*** Opening of DATA SEGMENT ***
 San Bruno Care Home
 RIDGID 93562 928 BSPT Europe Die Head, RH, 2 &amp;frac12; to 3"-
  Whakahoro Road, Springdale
*** Close of DATA SEGMENT ***
--- DESCRIPTION OF THE TASK ---
Each line of the data must be retyped exactly.

--- FINAL ANSWER ---
 San Bruno Care Home
 RIDGID 93562 928 BSPT Europe Die Head, RH, 2 &amp;frac12; to 3"-
  Whakahoro Road, Springdale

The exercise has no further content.